Younger patients who receive a total shoulder arthroplasty have a higher rate of glenoid component loosening and rotator cuff tears, likely related to higher activity levels, and therefore, alternative strategies have been sought. Hemiarthroplasty has been used as an alternative, with limited benefit in the long term, likely due to unaddressed glenoid disease and a substantial rate of glenoid erosion. Biologic resurfacing of the glenoid in conjunction with hemiarthroplasty has led to disappointing results. Reverse shoulder arthroplasty is sometimes needed in younger patients in specific and difficult cases, like failed cuff repair, failed instability surgery or posttraumatic arthritis. However, long-term results of this semi-constrained prosthesis remain to be proven in the younger population.

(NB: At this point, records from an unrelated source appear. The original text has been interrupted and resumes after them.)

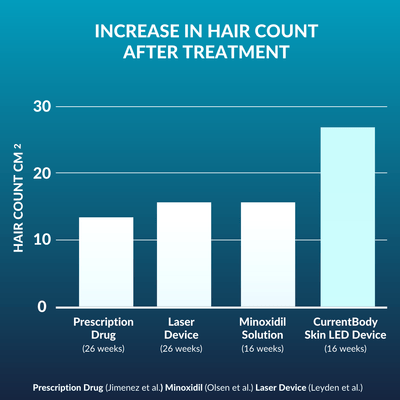 CurrentBody Skin LED Hair Regrowth - urządzenie na porost włosów
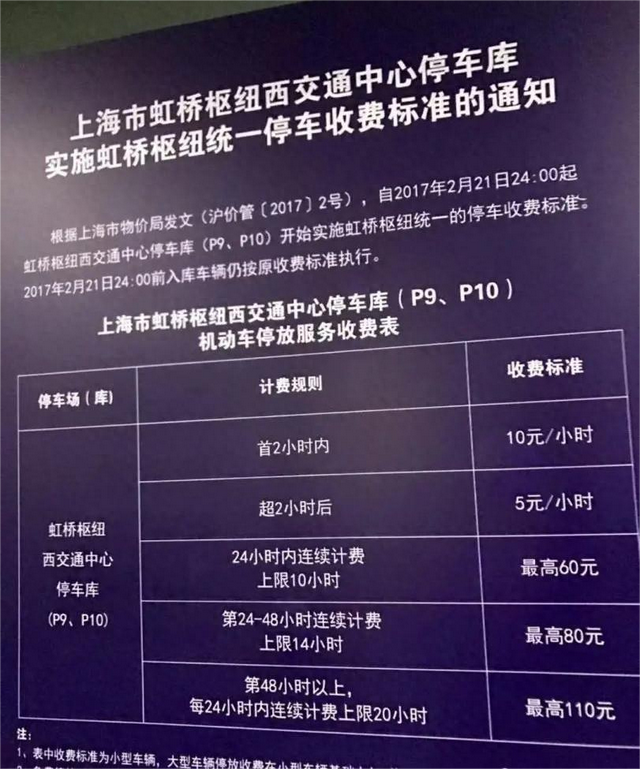 2025最新！上海虹桥机场停车费一天多少钱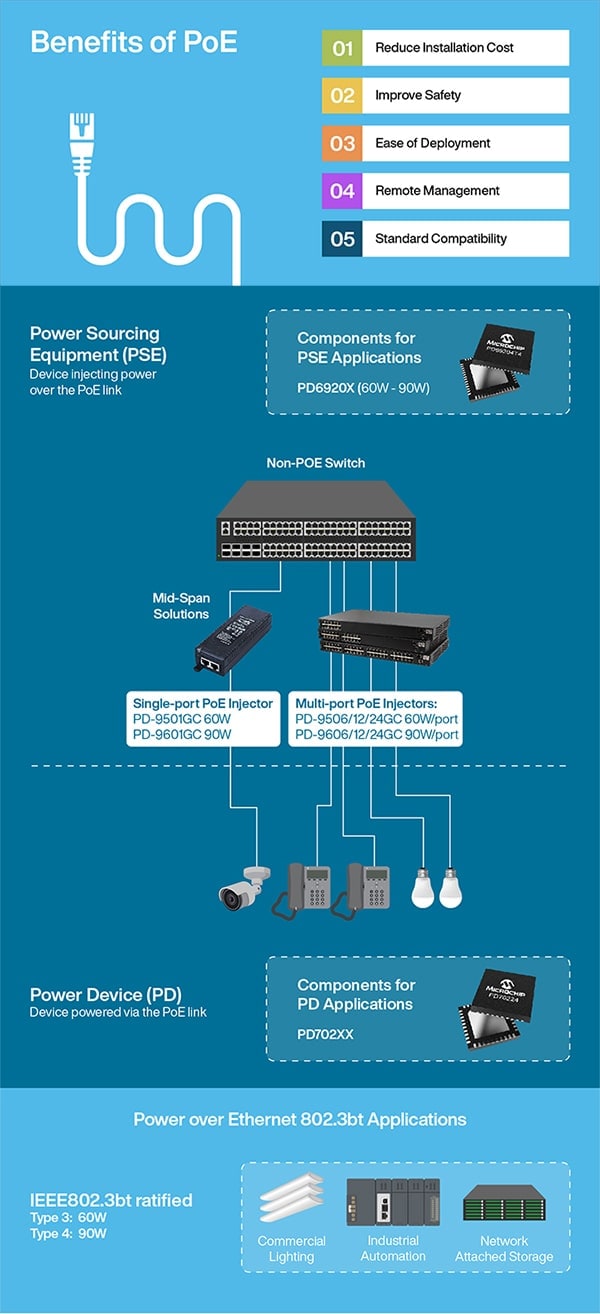 Increased Power Delivery Takes PoE into New Markets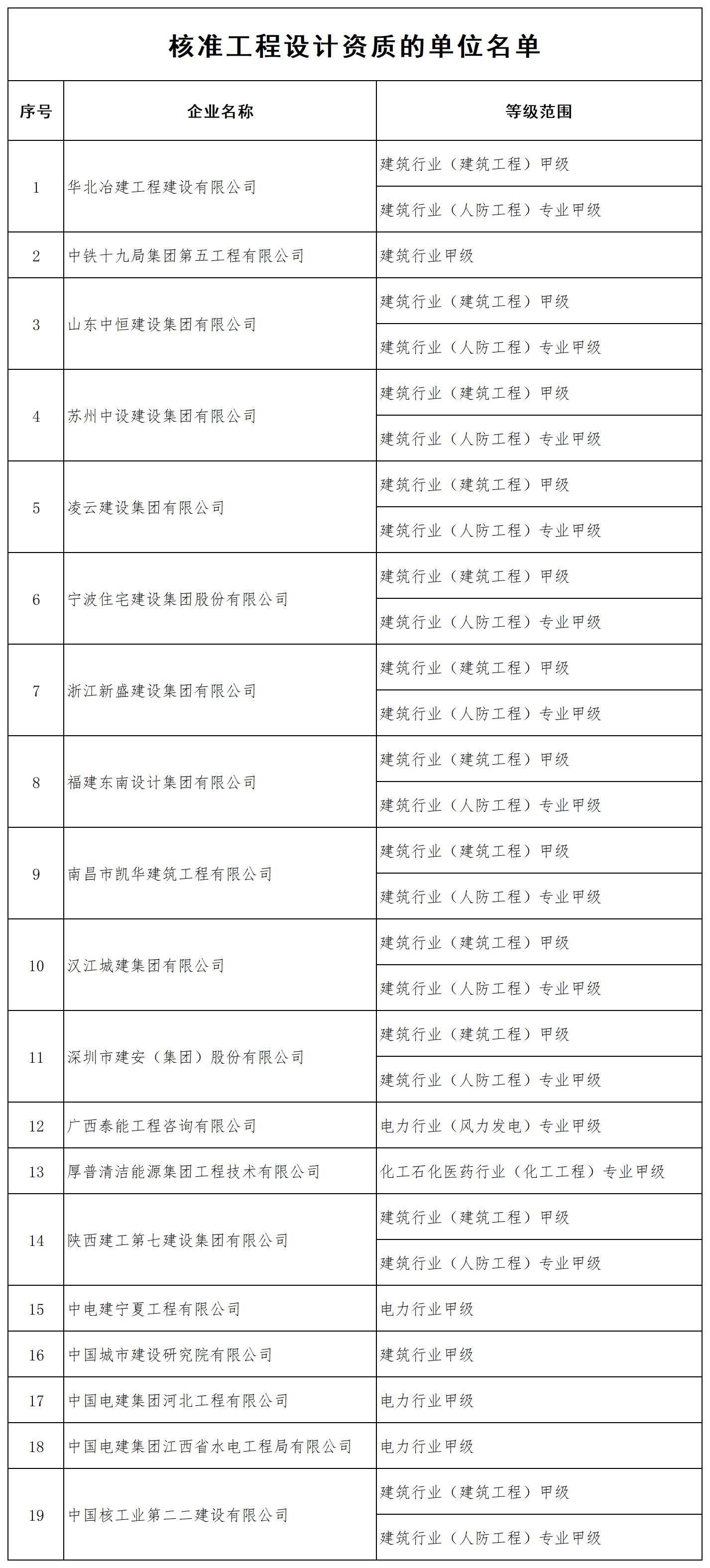 核准工程设计资质的单位名单_全部.jpg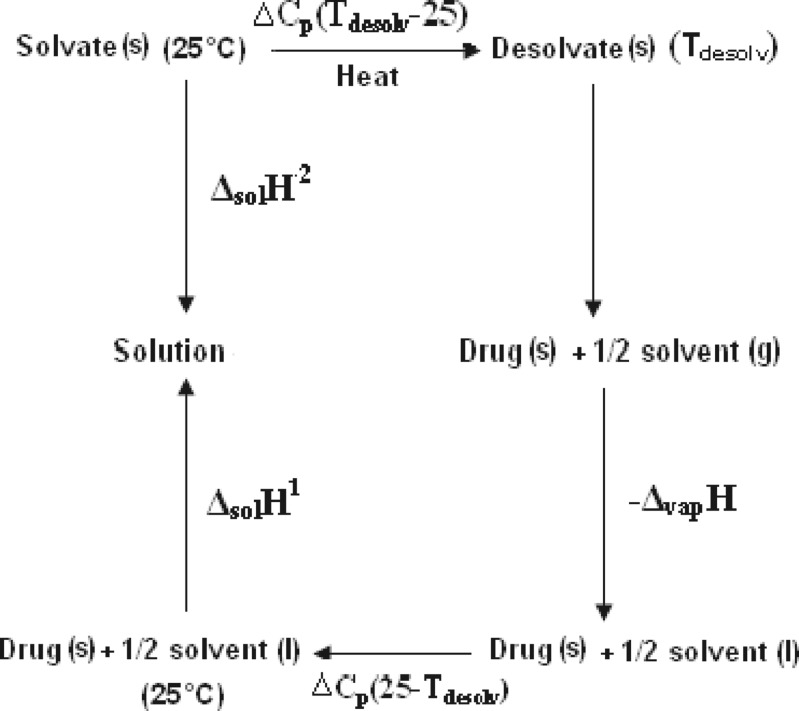 Fig. 11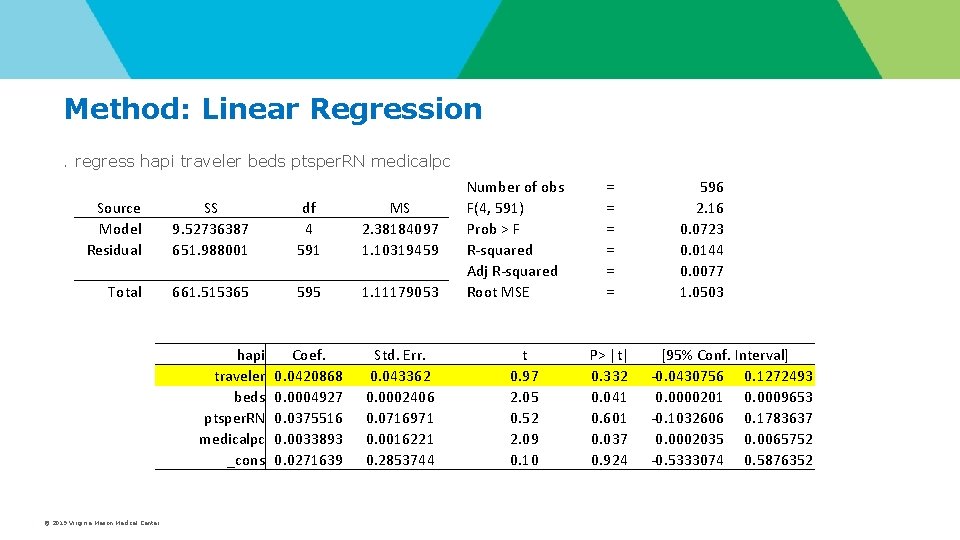 Method: Linear Regression. regress hapi traveler beds ptsper. RN medicalpc Source Model Residual SS Method: Linear Regression. regress hapi traveler beds ptsper. RN medicalpc Source Model Residual SS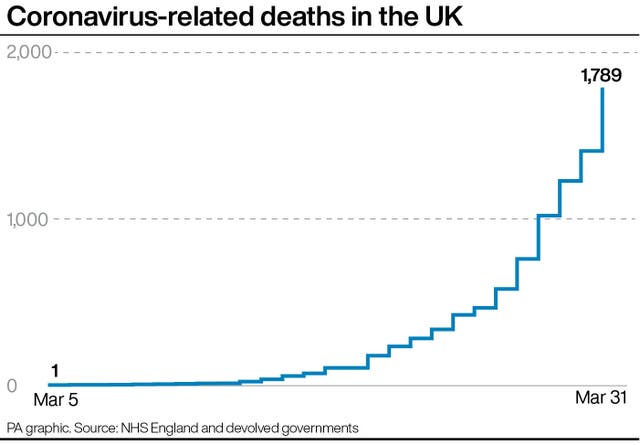 UK deaths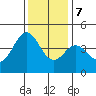 Elkhorn Yacht Club tide chart for Thursday, December 7, 2023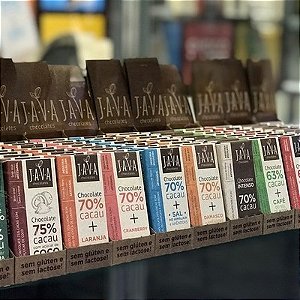 KIT Restaurante Self Service - Sugestões de pedido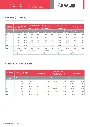 Arralbe Katalog 2023-192.webp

We have invited colleagues and friends from different continents to report their surgical experience in this difficult field, and whom I thank for having accepted our invitation. We have also built a database including more than 1500 young patients with glenohumeral arthritis. The aim of the Nice multicenter study was to evaluate mid- to long-term outcomes following shoulder arthroplasty in patients younger than 60 years at the time of surgery. We have studied the results of shoulder arthroplasty in this challenging patient population according to the different etiologies, according to patients' age and have looked for complications. This study could not have been conducted without the hard work and motivation of all those who participated in it: surgeons, assistants, fellows, residents, staff, nurses, secretaries, and last but not least, our patients.
We hope that the material presented here will help surgeons to better understand and resolve the difficult problem of glenohumeral arthritis in younger patients.